* What needs to be done
Copy out each record that follows exactly, and omit any picture you find.

Pictures with short captions
--- START ---

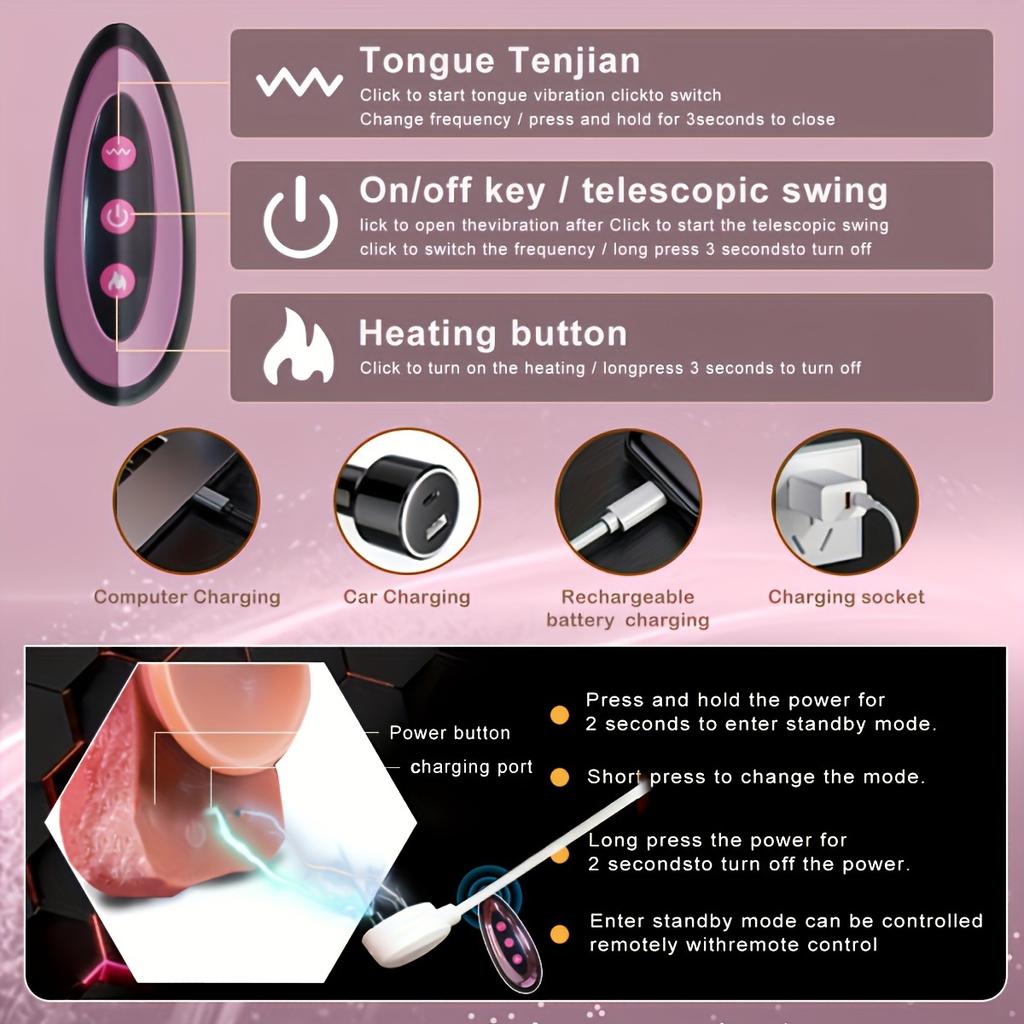 Sexy 9 Inch Male/Female Dildo with 10 Powerful Thrusting Modes, Slow Heating, Remote Control, and 360° Rotation - Adult Toy for G-Spot Stimulation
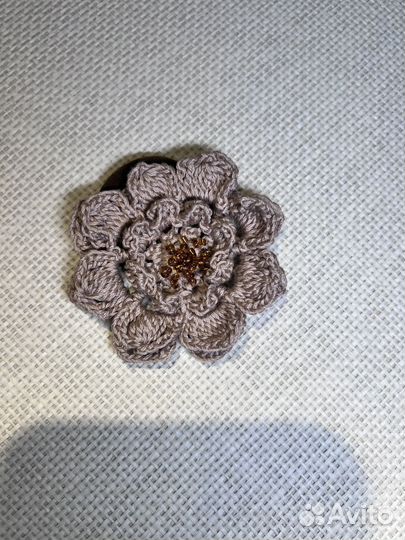 Вязанная резинка для волос, цветок крючком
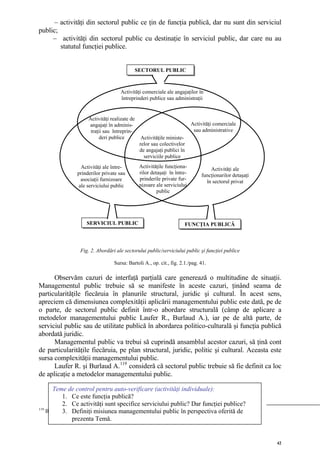 – activităţi din sectorul public ce ţin de funcţia publică, dar nu sunt din serviciul
public;
     – activităţi din sectorul public cu destinaţie în serviciul public, dar care nu au
        statutul funcţiei publice.


                                           SECTORUL PUBLIC



                                    Activităţi comerciale ale angajaţilor în
                                    întreprinderi publice sau administraţii


                    Activităţi realizate de
                    angajaţi în adminis-                                 Activităţi comerciale
                     traţii sau întreprin-                                sau administrative
                          deri publice         Activităţile ministe-
                                              relor sau colectivelor
                                              de angajaţi publici în
                                                serviciile publice
                 Activităţi ale între-        Activităţile funcţiona-            Activităţi ale
               prinderilor private sau        rilor detaşaţi în între-       funcţionarilor detaşaţi
                 asociaţii furnizoare         prinderile private fur-
                                                                               în sectorul privat
                ale serviciului public        nizoare ale serviciului
                                                       public




                    SERVICIUL PUBLIC                                 FUNCŢIA PUBLICĂ



                 Fig. 2. Abordări ale sectorului public/serviciului public şi funcţiei publice

                                 Sursa: Bartoli A., op. cit., fig. 2.1./pag. 41.

      Observăm cazuri de interfaţă parţială care generează o multitudine de situaţii.
Managementul public trebuie să se manifeste în aceste cazuri, ţinând seama de
particularităţile fiecăruia în planurile structural, juridic şi cultural. În acest sens,
apreciem că dimensiunea complexităţii aplicării managementului public este dată, pe de
o parte, de sectorul public definit într-o abordare structurală (câmp de aplicare a
metodelor managementului public Laufer R., Burlaud A.), iar pe de altă parte, de
serviciul public sau de utilitate publică în abordarea politico-culturală şi funcţia publică
abordată juridic.
      Managementul public va trebui să cuprindă ansamblul acestor cazuri, să ţină cont
de particularităţile fiecăruia, pe plan structural, juridic, politic şi cultural. Aceasta este
sursa complexităţii managementului public.
      Laufer R. şi Burlaud A.119 consideră că sectorul public trebuie să fie definit ca loc
de aplicaţie a metodelor managementului public.

       Teme de control pentru auto-verificare (activităţi individuale):
            1. Ce este funcţia publică?
            2. Ce activităţi sunt specifice serviciului public? Dar funcţiei publice?
119
            3. p. cit., p. misiunea managementului public în perspectiva oferită de
    Bartoli A., oDefiniţi 38.
                 prezenta Temă.


                                                                                                       42
 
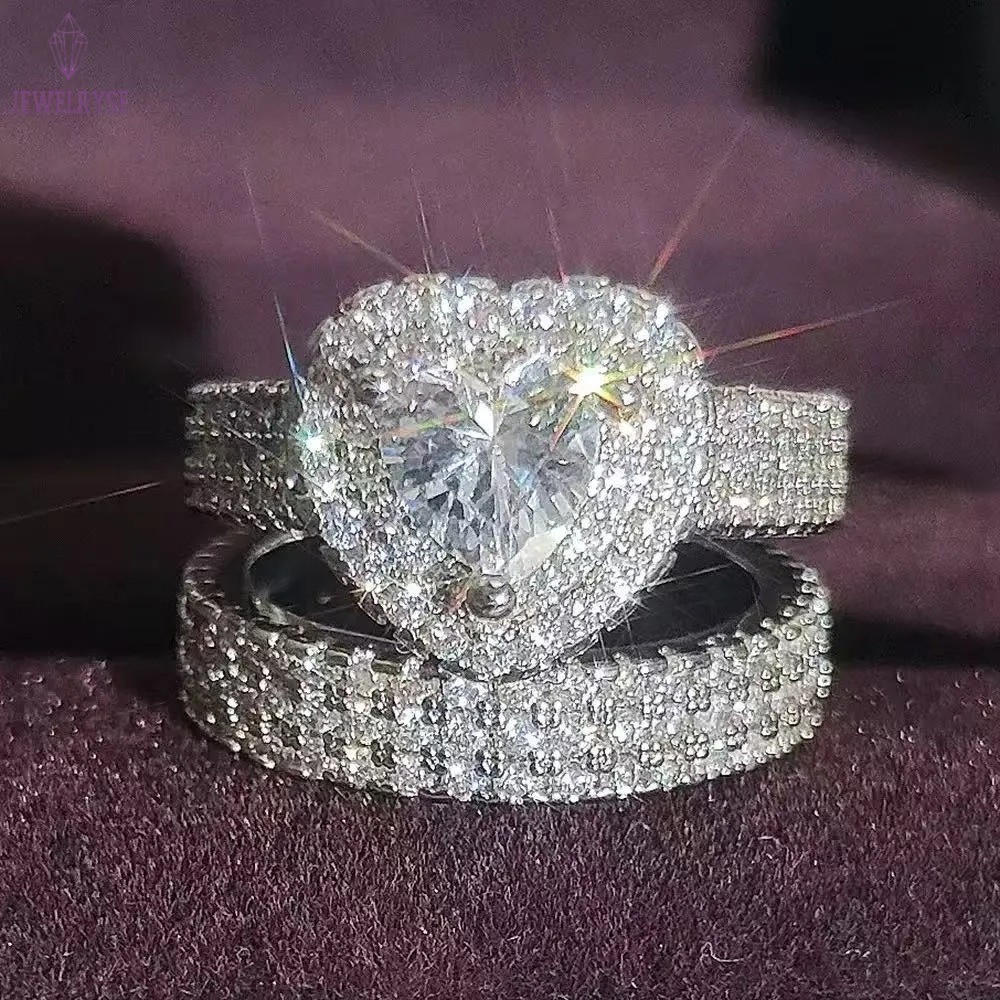 925 Sterling Silver Moissanite Engagement Rings for Women - Diamond-Encrusted Hip-Hop Crown Design by VVS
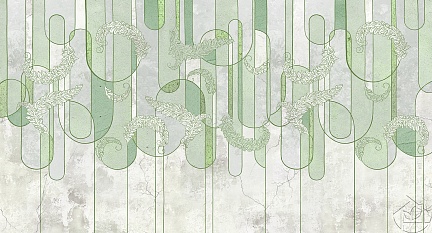 геометрический фон с перьями в зеленых тонах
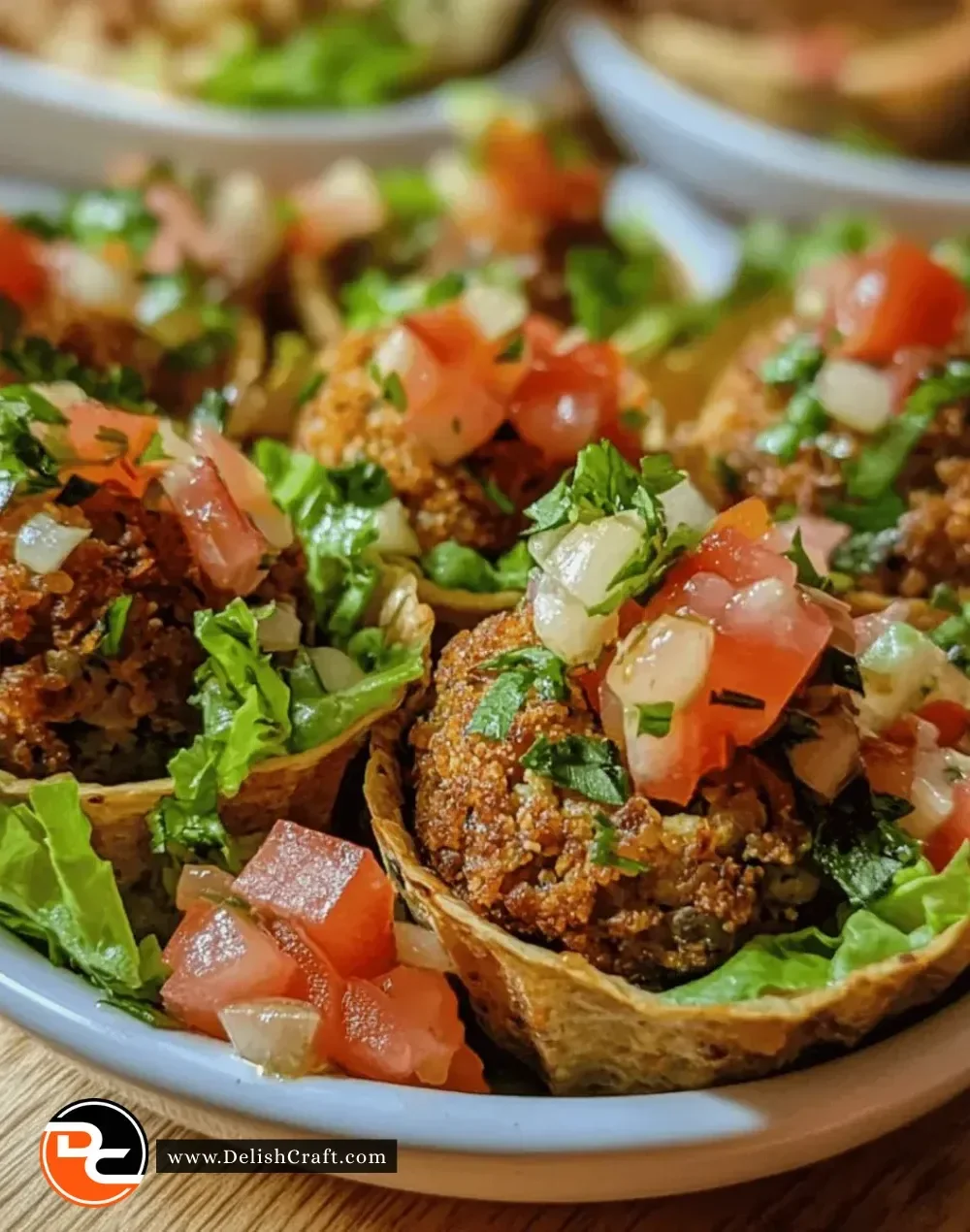 Easy Mini Falafel Salad Cups with fresh ingredients and falafel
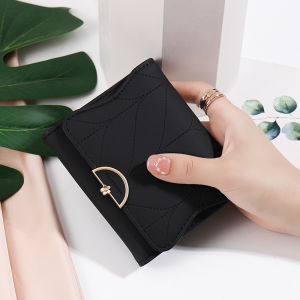 Mini Foldable Wallet Womens Korean Style Fresh Design Student Coin Purse Card Holder PU Leather Zipper Closure Solid Color
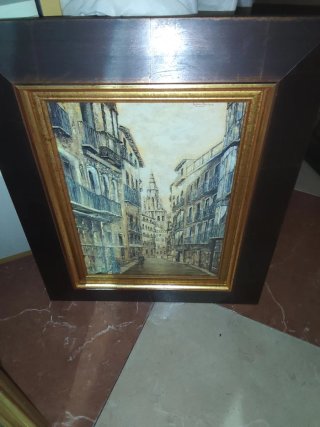 Cuadro antiguo paisaje urbano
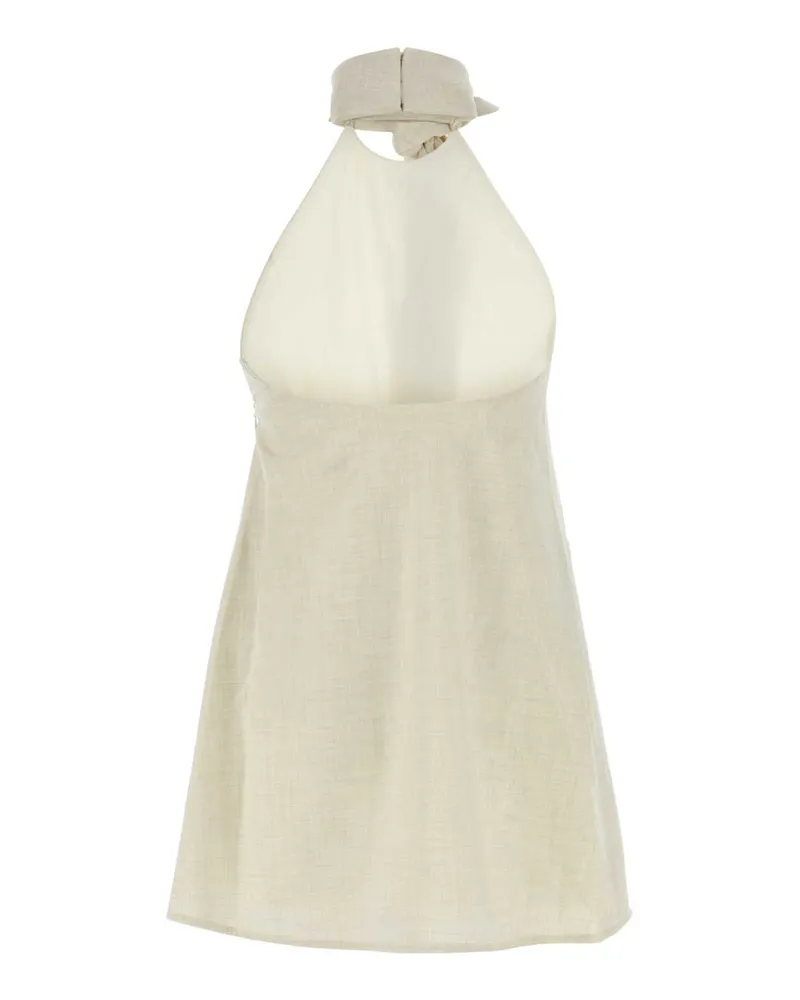 camilla and marc Women's Sand Stretch Polyester Blend Floris Top Ivorymarle Maglie Beige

--- END ---

* Task solution
 Sexy 9 Inch Male/Female Dildo with 10 Powerful Thrusting Modes, Slow Heating, Remote Control, and 360° Rotation - Adult Toy for G-Spot Stimulation
 Вязанная резинка для волос, цветок крючком
 – activităţi din sectorul public ce ţin de funcţia publică, dar nu sunt din serviciul
public;
     – activităţi din sectorul public cu destinaţie în serviciul public, dar care nu au
        statutul funcţiei publice.


                                           SECTORUL PUBLIC



                                    Activităţi comerciale ale angajaţilor în
                                    întreprinderi publice sau administraţii


                    Activităţi realizate de
                    angajaţi în adminis-                                 Activităţi comerciale
                     traţii sau întreprin-                                sau administrative
                          deri publice         Activităţile ministe-
                                              relor sau colectivelor
                                              de angajaţi publici în
                                                serviciile publice
                 Activităţi ale între-        Activităţile funcţiona-            Activităţi ale
               prinderilor private sau        rilor detaşaţi în între-       funcţionarilor detaşaţi
                 asociaţii furnizoare         prinderile private fur-
                                                                               în sectorul privat
                ale serviciului public        nizoare ale serviciului
                                                       public




                    SERVICIUL PUBLIC                                 FUNCŢIA PUBLICĂ



                 Fig. 2. Abordări ale sectorului public/serviciului public şi funcţiei publice

                                 Sursa: Bartoli A., op. cit., fig. 2.1./pag. 41.

      Observăm cazuri de interfaţă parţială care generează o multitudine de situaţii.
Managementul public trebuie să se manifeste în aceste cazuri, ţinând seama de
particularităţile fiecăruia în planurile structural, juridic şi cultural. În acest sens,
apreciem că dimensiunea complexităţii aplicării managementului public este dată, pe de
o parte, de sectorul public definit într-o abordare structurală (câmp de aplicare a
metodelor managementului public Laufer R., Burlaud A.), iar pe de altă parte, de
serviciul public sau de utilitate publică în abordarea politico-culturală şi funcţia publică
abordată juridic.
      Managementul public va trebui să cuprindă ansamblul acestor cazuri, să ţină cont
de particularităţile fiecăruia, pe plan structural, juridic, politic şi cultural. Aceasta este
sursa complexităţii managementului public.
      Laufer R. şi Burlaud A.119 consideră că sectorul public trebuie să fie definit ca loc
de aplicaţie a metodelor managementului public.

       Teme de control pentru auto-verificare (activităţi individuale):
            1. Ce este funcţia publică?
            2. Ce activităţi sunt specifice serviciului public? Dar funcţiei publice?
119
            3. p. cit., p. misiunea managementului public în perspectiva oferită de
    Bartoli A., oDefiniţi 38.
                 prezenta Temă.


                                                                                                       42
 
 925 Sterling Silver Moissanite Engagement Rings for Women - Diamond-Encrusted Hip-Hop Crown Design by VVS
 геометрический фон с перьями в зеленых тонах
 Easy Mini Falafel Salad Cups with fresh ingredients and falafel
 Mini Foldable Wallet Womens Korean Style Fresh Design Student Coin Purse Card Holder PU Leather Zipper Closure Solid Color
 Cuadro antiguo paisaje urbano
 camilla and marc Women's Sand Stretch Polyester Blend Floris Top Ivorymarle Maglie Beige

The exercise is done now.